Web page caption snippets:
----

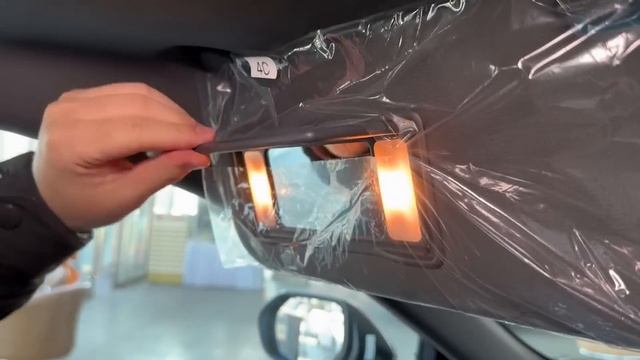 New Toyota Avalon in-depth Walkaround смотреть онлайн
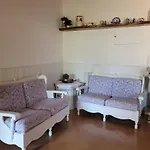 Montemagno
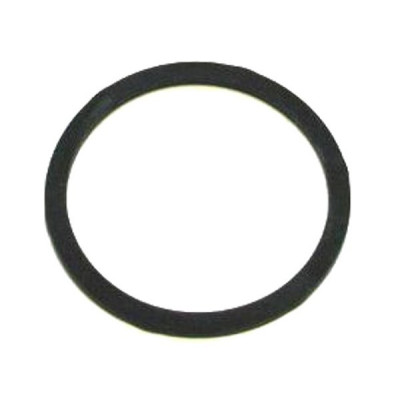 Uszczelka wielozaworu Tomasetto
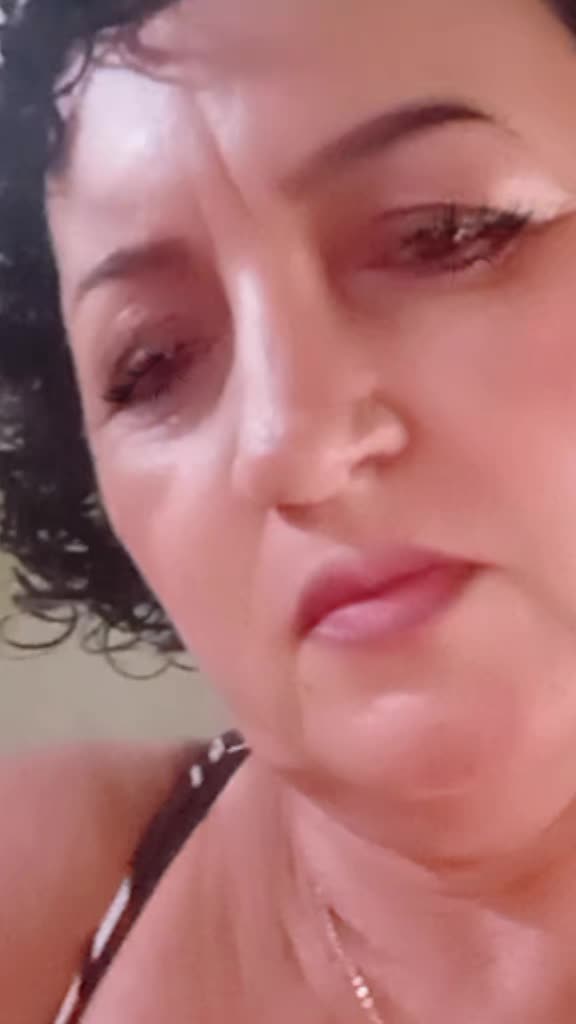 @Nete dançarina do Tik Tok 🥰😍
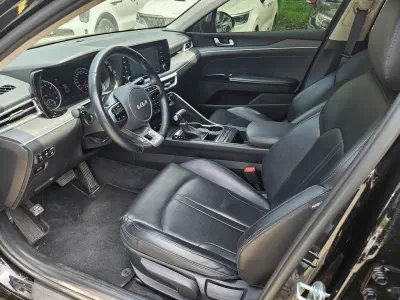 catalog-car-10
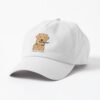 ssrcodad hatproductfafafaca443f4786front three quartersquare1000x1000 bgf8f8f8 3 - Golden Retriever Shop UK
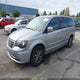 2C4RC1HG5FR590491 2015 Chrysler Town & Country S auction photo thumbnail 2
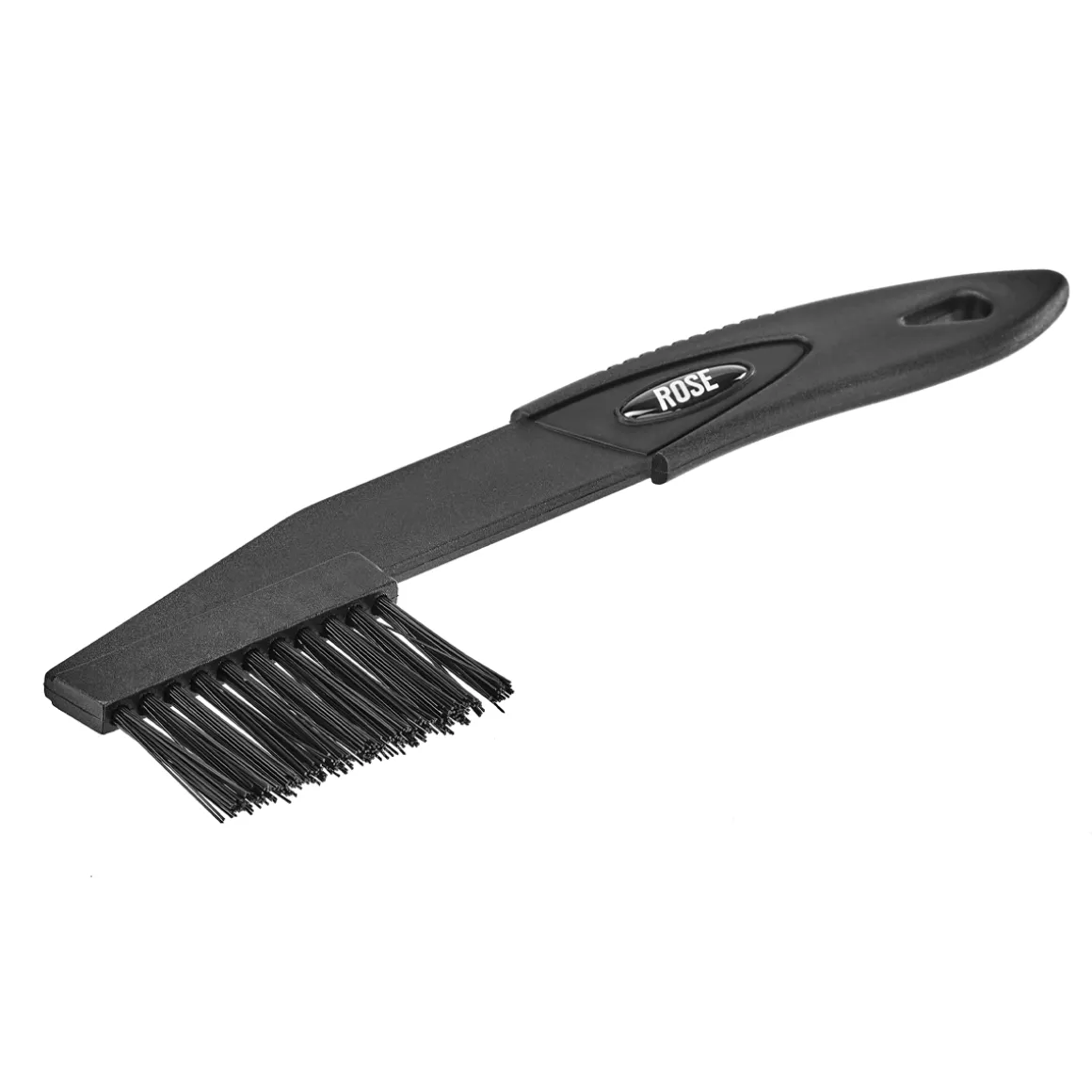BL-Brush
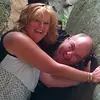 Tracey - @stephentraceyvann - TikTok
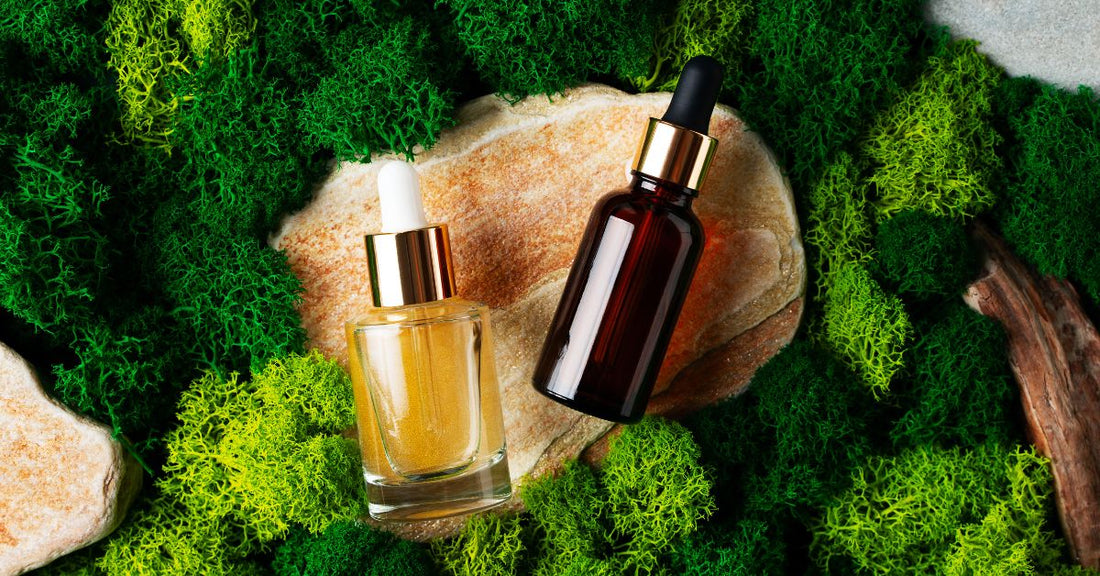 Détoxifiez votre beauté avec les cosmétiques bio en 2024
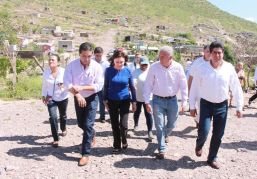 2 - 1 odile senadores conejo y varios mas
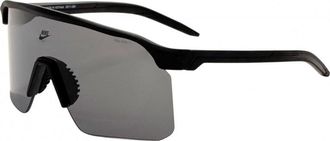 Nike Mens IW5873X 61 010 Expedition Sunglasses - Black - One Size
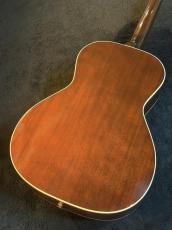 Gibson 【NEW】L-00 Standard VS #21076093_3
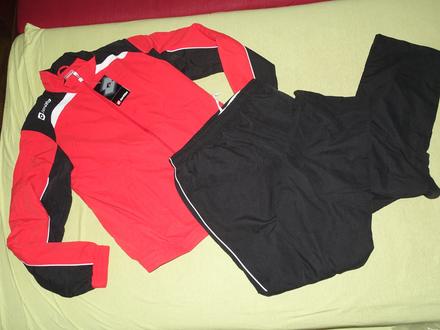 Nova sustakova suprava lotto, lotto,176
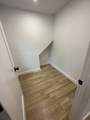 339 Quarry St - Photo 21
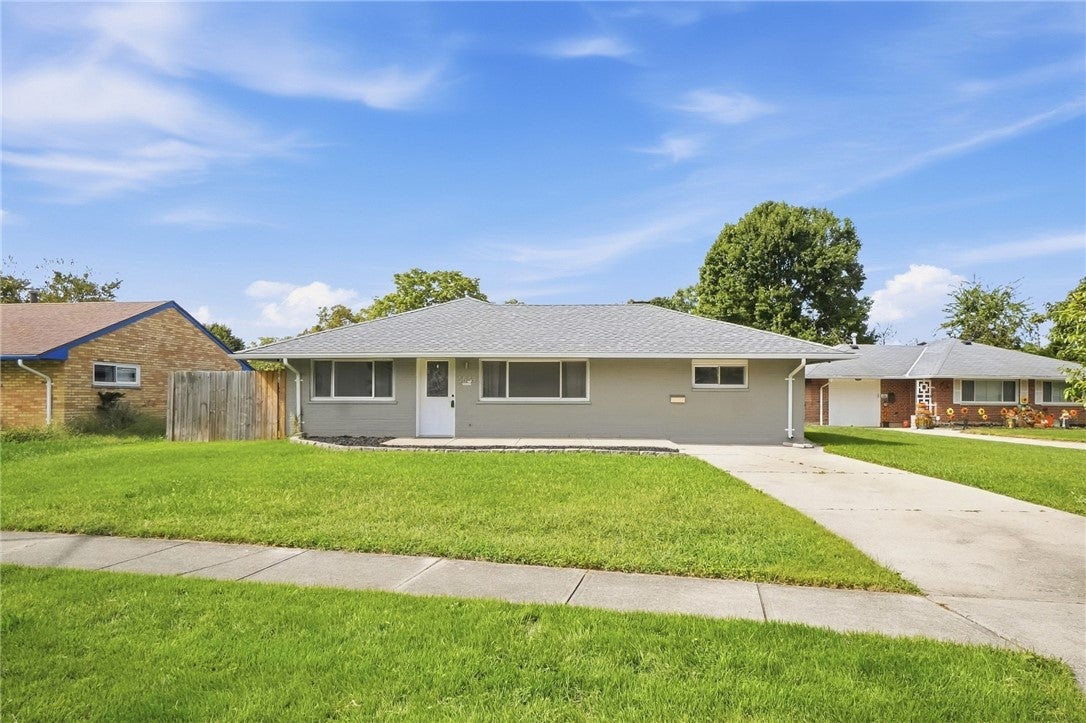 3659 Endover Road Kettering, OH 45439 - Photo 4 of 38 Gallery Image 4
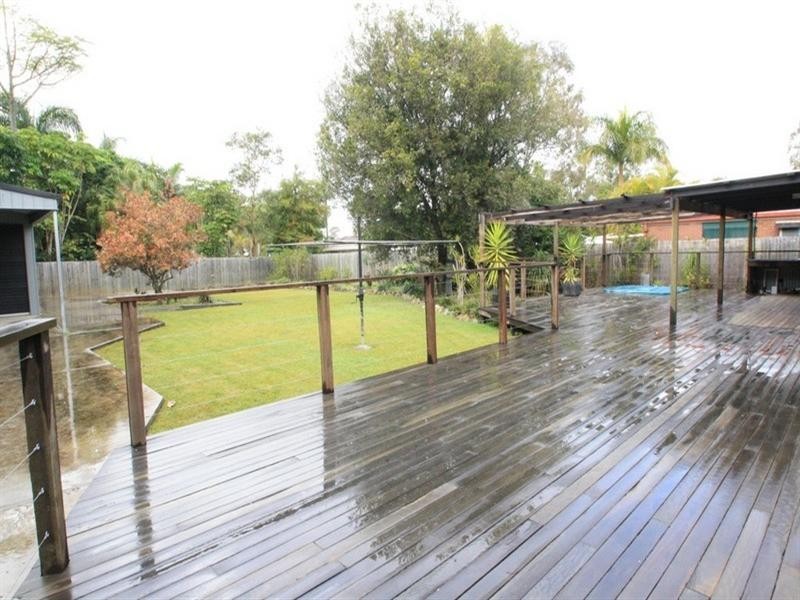 72 Drews Road, Loganholme QLD 4129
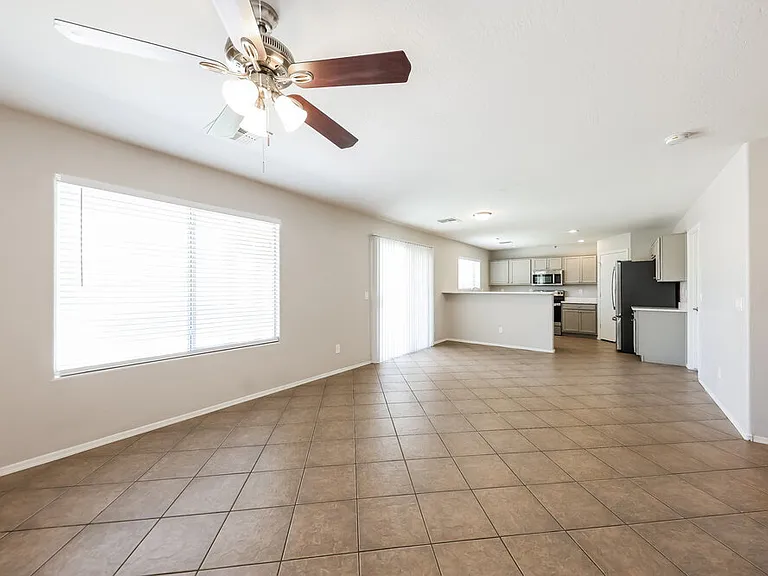 24254 W Desert Bloom St — Photo 11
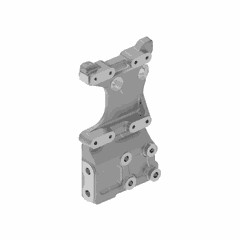 Bracket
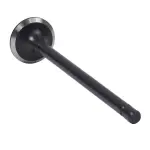 V4375 - : Engine Exhaust Valve for Enginetech Image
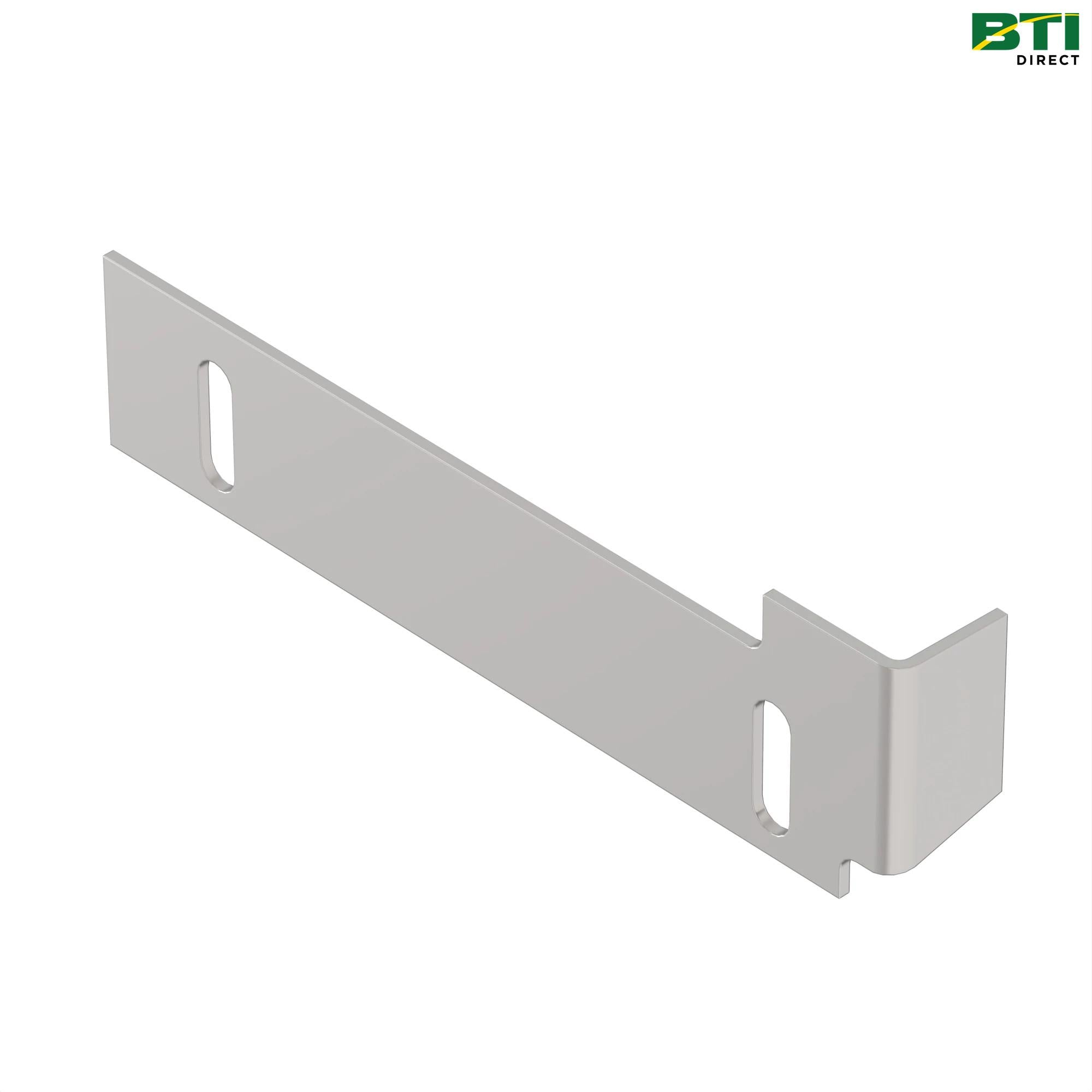 Z101090: Angle
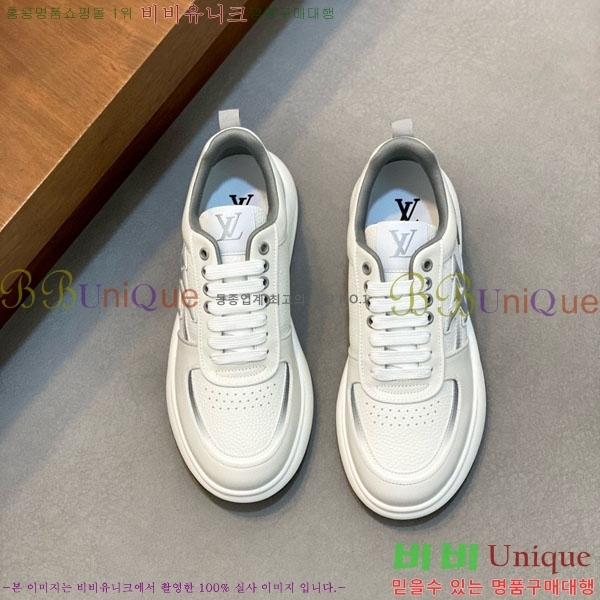 ���� ���̺��� ����Ŀ�� 5LV269992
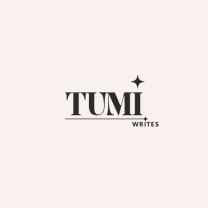 Tumi@writes!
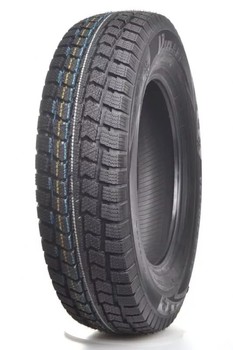 Шина Viatti Vettore Brina V-525 205/65R16C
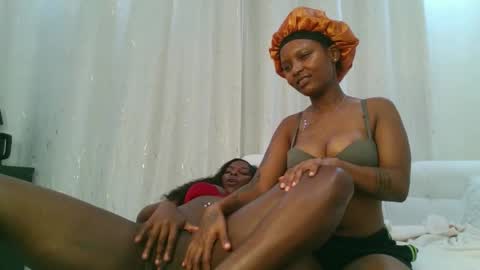 Amarie noels online show from 17, 1, 2026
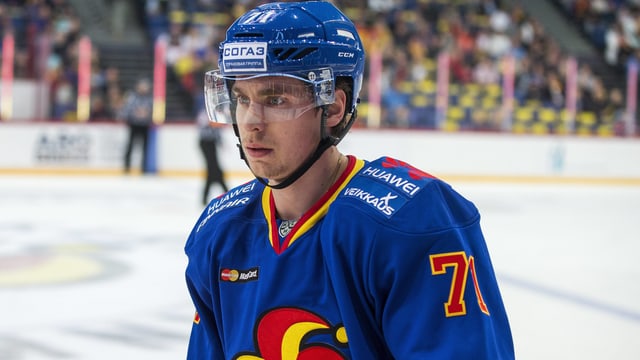 Michal Keränen Michal Keränen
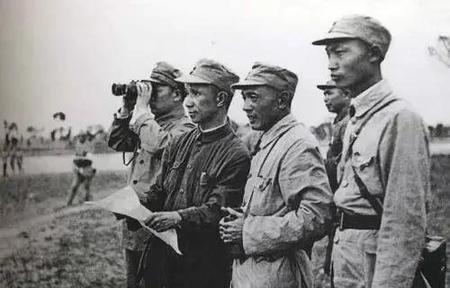 亮剑里面李云龙和赵刚最后的下场是什么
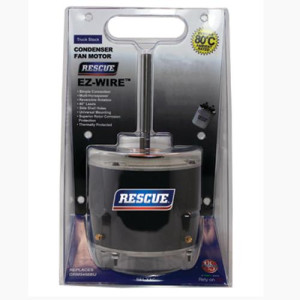 US Motors Rescue 1/3-1/6 hp 1075 rpm, 6 poles, 1 shaft, TEAO Enclosure, 1 speed, 5.6 diameter, 48Y CCW, Lead End, Reversible, 208-230 V, 60 hz, 1 ph, 7.5mfd/440 VAC Run Capacitor 5430 K055LMJ2478012B EZ-WIRE
Replaces ORM5458BU US Motors Rescue 1/3-1/6 hp 1075 rpm, 6 poles, 1 shaft, TEAO Enclosure, 1 speed, 5.6 diameter, 48Y CCW, Lead End, Reversible, 208-230 V, 60 hz, 1 ph, 7.5mfd/440 VAC Run Capacitor 5430 K055LMJ2478012B EZ-WIRE
Replaces ORM5458BU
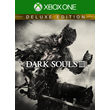 ✅DARK SOULS™ III - Deluxe Edition Xbox 🔑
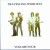 Buy Traveling Wilburys, Vol. 4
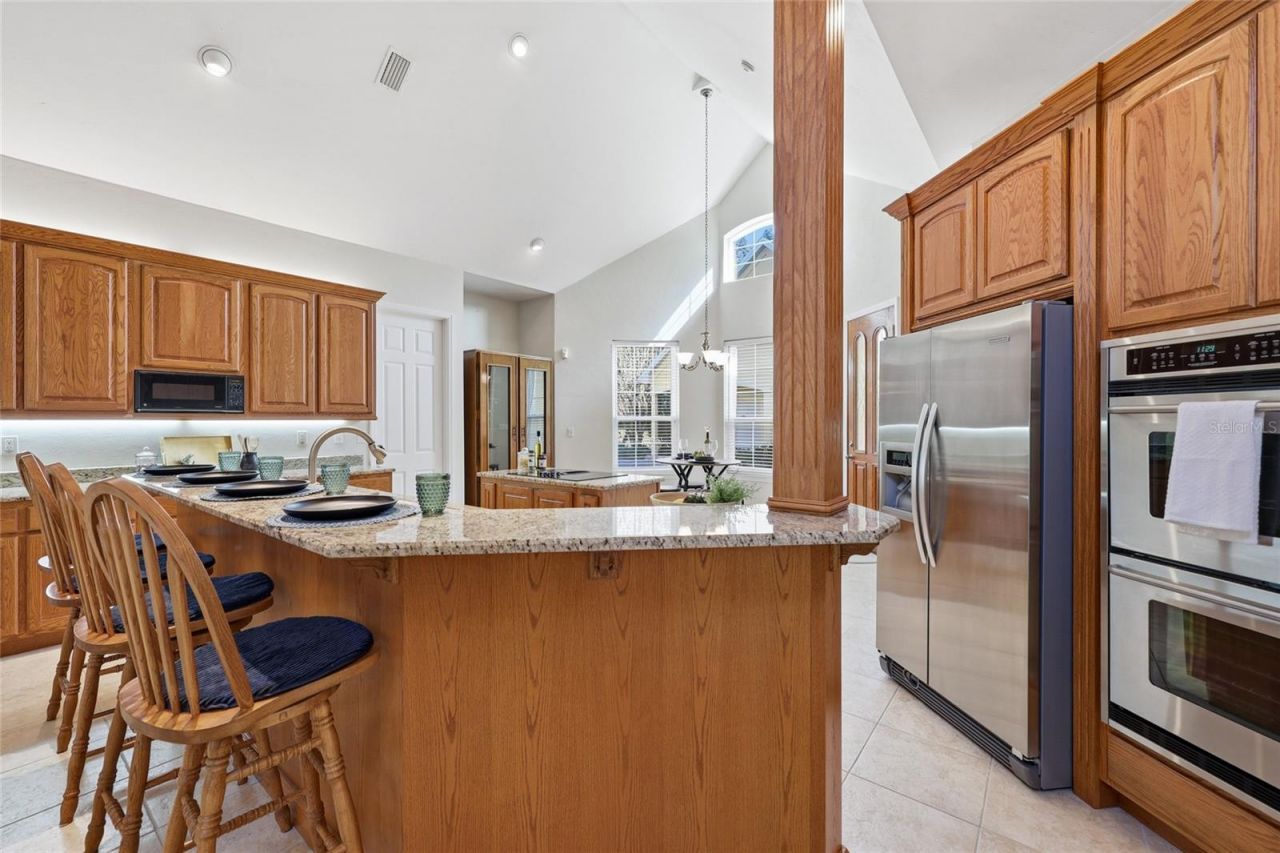 18604 NW 262nd Avenue, Alachua, FL 32615 Photo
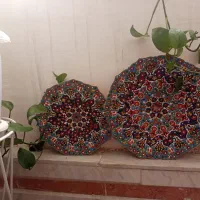 دکوری سنتی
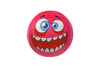 MONSTER BALL 23CM AST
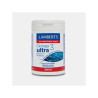 LAMBERTS OMEGA 3 ULTRA 1300mg 60 CAPSULAS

----

Exercise:
Reproduce each line of the records exactly and exclude any images.

Finished exercise:
 New Toyota Avalon in-depth Walkaround смотреть онлайн
 Montemagno
 Uszczelka wielozaworu Tomasetto
 @Nete dançarina do Tik Tok 🥰😍
 catalog-car-10
 ssrcodad hatproductfafafaca443f4786front three quartersquare1000x1000 bgf8f8f8 3 - Golden Retriever Shop UK
 2C4RC1HG5FR590491 2015 Chrysler Town & Country S auction photo thumbnail 2
BL-Brush
 Tracey - @stephentraceyvann - TikTok
 Détoxifiez votre beauté avec les cosmétiques bio en 2024
 2 - 1 odile senadores conejo y varios mas
 Nike Mens IW5873X 61 010 Expedition Sunglasses - Black - One Size
 Gibson 【NEW】L-00 Standard VS #21076093_3
 Nova sustakova suprava lotto, lotto,176
 339 Quarry St - Photo 21
 3659 Endover Road Kettering, OH 45439 - Photo 4 of 38 Gallery Image 4
 72 Drews Road, Loganholme QLD 4129
 24254 W Desert Bloom St — Photo 11
 Bracket
 V4375 - : Engine Exhaust Valve for Enginetech Image
 Z101090: Angle
 ���� ���̺��� ����Ŀ�� 5LV269992
 Tumi@writes!
 Шина Viatti Vettore Brina V-525 205/65R16C
 Amarie noels online show from 17, 1, 2026
 Michal Keränen Michal Keränen
 亮剑里面李云龙和赵刚最后的下场是什么
 US Motors Rescue 1/3-1/6 hp 1075 rpm, 6 poles, 1 shaft, TEAO Enclosure, 1 speed, 5.6 diameter, 48Y CCW, Lead End, Reversible, 208-230 V, 60 hz, 1 ph, 7.5mfd/440 VAC Run Capacitor 5430 K055LMJ2478012B EZ-WIRE
Replaces ORM5458BU US Motors Rescue 1/3-1/6 hp 1075 rpm, 6 poles, 1 shaft, TEAO Enclosure, 1 speed, 5.6 diameter, 48Y CCW, Lead End, Reversible, 208-230 V, 60 hz, 1 ph, 7.5mfd/440 VAC Run Capacitor 5430 K055LMJ2478012B EZ-WIRE
Replaces ORM5458BU
 ✅DARK SOULS™ III - Deluxe Edition Xbox 🔑
 Buy Traveling Wilburys, Vol. 4
 18604 NW 262nd Avenue, Alachua, FL 32615 Photo
 دکوری سنتی
 MONSTER BALL 23CM AST
 LAMBERTS OMEGA 3 ULTRA 1300mg 60 CAPSULAS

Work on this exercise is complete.